YOUR INSTRUCTIONS
Please repeat exactly the lines below from the one containing "Fiat Dino Interior" down to the one containing "Der Unimog 800px-5Mercedes-Benz_Unimog_mit_M%C3%A4harm", both included, and nothing else.

::::::::

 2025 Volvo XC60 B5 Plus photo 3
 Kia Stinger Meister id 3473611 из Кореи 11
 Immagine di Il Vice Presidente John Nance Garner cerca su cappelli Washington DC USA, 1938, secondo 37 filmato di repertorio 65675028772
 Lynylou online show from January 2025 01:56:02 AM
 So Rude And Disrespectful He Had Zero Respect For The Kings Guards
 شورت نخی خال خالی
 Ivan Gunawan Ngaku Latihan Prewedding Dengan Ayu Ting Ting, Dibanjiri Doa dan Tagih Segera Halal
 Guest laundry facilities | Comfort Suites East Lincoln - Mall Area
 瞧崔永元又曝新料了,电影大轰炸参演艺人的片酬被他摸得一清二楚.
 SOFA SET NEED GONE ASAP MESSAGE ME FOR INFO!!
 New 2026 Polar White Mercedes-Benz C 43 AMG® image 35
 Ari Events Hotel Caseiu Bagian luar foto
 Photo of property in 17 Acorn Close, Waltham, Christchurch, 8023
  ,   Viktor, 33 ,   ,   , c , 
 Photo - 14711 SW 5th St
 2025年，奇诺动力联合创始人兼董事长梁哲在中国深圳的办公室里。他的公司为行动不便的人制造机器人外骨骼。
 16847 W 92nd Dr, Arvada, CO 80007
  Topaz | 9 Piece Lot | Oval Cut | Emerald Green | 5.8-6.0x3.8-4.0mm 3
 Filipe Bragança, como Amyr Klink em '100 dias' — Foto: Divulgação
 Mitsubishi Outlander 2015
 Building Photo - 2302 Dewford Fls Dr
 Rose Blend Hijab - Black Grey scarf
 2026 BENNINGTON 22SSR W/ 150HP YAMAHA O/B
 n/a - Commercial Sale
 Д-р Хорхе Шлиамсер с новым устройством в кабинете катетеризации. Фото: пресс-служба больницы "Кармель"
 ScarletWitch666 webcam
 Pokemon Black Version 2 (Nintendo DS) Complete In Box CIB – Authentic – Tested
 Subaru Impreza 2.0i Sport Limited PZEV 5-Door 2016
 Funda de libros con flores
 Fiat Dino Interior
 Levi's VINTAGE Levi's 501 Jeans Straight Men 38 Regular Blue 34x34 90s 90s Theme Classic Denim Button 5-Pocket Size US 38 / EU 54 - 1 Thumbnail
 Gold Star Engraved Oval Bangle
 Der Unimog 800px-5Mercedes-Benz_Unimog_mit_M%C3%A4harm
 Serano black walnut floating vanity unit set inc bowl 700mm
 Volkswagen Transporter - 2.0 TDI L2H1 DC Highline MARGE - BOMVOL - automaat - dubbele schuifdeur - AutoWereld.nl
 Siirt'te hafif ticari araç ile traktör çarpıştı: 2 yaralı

::::::::

OUTPUT FOR THIS EXERCISE
 Fiat Dino Interior
 Levi's VINTAGE Levi's 501 Jeans Straight Men 38 Regular Blue 34x34 90s 90s Theme Classic Denim Button 5-Pocket Size US 38 / EU 54 - 1 Thumbnail
 Gold Star Engraved Oval Bangle
 Der Unimog 800px-5Mercedes-Benz_Unimog_mit_M%C3%A4harm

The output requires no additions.